Yahudi varlığı Beşşar'ın düşüşünden korkması ve bu olayı öngöremeyen istihbaratı, Şam beldesinde ilerlemesine ve kendi ölümüne neden oldu. 360 kilometrekarelik Gazze'de bir yıldan fazla bir süredir aldığı askeri yenilgisi göz önüne alındığında, Yahudi varlığı, Müslümanlar tarafından yenilgiye uğramış olup askerleri bizimle karşılaşmaktan korkmaktadır. Nitekim Allahu Teala şöyle buyurmuştur: لَأَنْتُمْ أَشَدُّ رَهْبَةً فِي صُدُورِهِمْ مِنَ اللهِ ذَلِكَ بِأَنَّهُمْ قَوْمٌ لاَ يَفْقَهُونَ * لاَ يُقَاتِلُونَكُمْ جَمِيعاً إِلاَّ فِي قُرًى مُحَصَّنَةٍ أَوْ مِنْ وَرَاءِ جُدُرٍ بَأْسُهُمْ بَيْنَهُمْ شَدِيدٌ تَحْسَبُهُمْ جَمِيعاً وَقُلُوبُهُمْ شَتَّى ذَلِكَ بِأنَّهُمْ قَوْمٌ لاَ يَعْقِلُونَ * كَمَثَلِ الَّذِينَ مِنْ قَبْلِهِمْ قَرِيباً ذَاقُوا وَبَالَ أَمْرِهِمْ وَلَهُمْ عَذَابٌ أَلِيم“Onların içlerinde size karşı duydukları korku, Allah’a olan korkularından daha şiddetlidir. Böyledir, çünkü onlar anlamayan bir topluluktur.Onlar müstahkem şehirlerde veya siperler arkasında bulunmaksızın sizinle toplu halde savaşamazlar.Yahudilerin hâli, kendilerinden az bir zaman önce, yaptıklarının cezasını tatmış olanların durumu gibidir. Ahirette ise onları pek acı bir azap beklemektedir.” [Haşr 13-15]

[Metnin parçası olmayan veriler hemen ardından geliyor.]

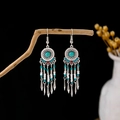 Bohemian tassel earrings with turquoise beads hanging on a rustic branch on black background - Retro Silver + Turquoise + Sun Tassel (E5813-2/Green)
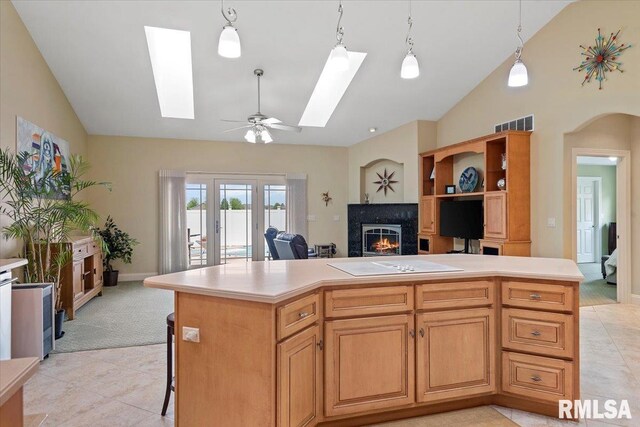 kitchen with a center island, light countertops, a glass covered fireplace, and a skylight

Artık Müslümanlar, bir asırdan fazla bir süredir göğüslerine çöreklenen küfür rejimlerinin yönetimi altındaki zillet tozunu üzerlerinden silkeleyip atsınlar ve Allah’ın olmasını istediği gibi tek bir ümmet haline geri dönebilmeleri için Şam’ın ve diğer Müslüman ülkelerin dört bir tarafında Ukab Rayesi’ni dalgalandırarak taçlandırsınlar. Zira Allahu Teala şöyle buyurmuştur: وَاعْتَصِمُوا بِحَبْلِ اللهِ جَمِيعاً وَلا تَفَرَّقُوا “Hep birlikte Allah’ın ipine (Kur’an’a) sımsıkı sarılın. Parçalanıp bölünmeyin.” [Al-i İmran 103] Ve Subhanehu şöyle buyurmuştur: وَكَذَلِكَ جَعَلْنَاكُمْ أُمَّةً وَسَطاً لِّتَكُونُواْ شُهَدَاء عَلَى النَّاسِ وَيَكُونَ الرَّسُولُ عَلَيْكُمْ شَهِيداً “İşte böylece sizin insanlığa şahitler olmanız, Resul’ün de size şahit olması için sizi vasat bir ümmet kıldık.” [Bakara 143] Dolayısıyla artık önce Şam beldesini, ardından en yakın olanı, sonra en yakın olanı ilhak ederek, Sykes-Picot, Sevr ve San Remo anlaşmalarını iptal ederek ve tek olan Müslüman ülkelerin kötü bölünmüşlüğünü ortadan kaldırarak Ortadoğu’yu, İslami yönetimin altında olduğu gibi yeniden şekillendirmenin temel taşını atmanın zamanı gelmiştir.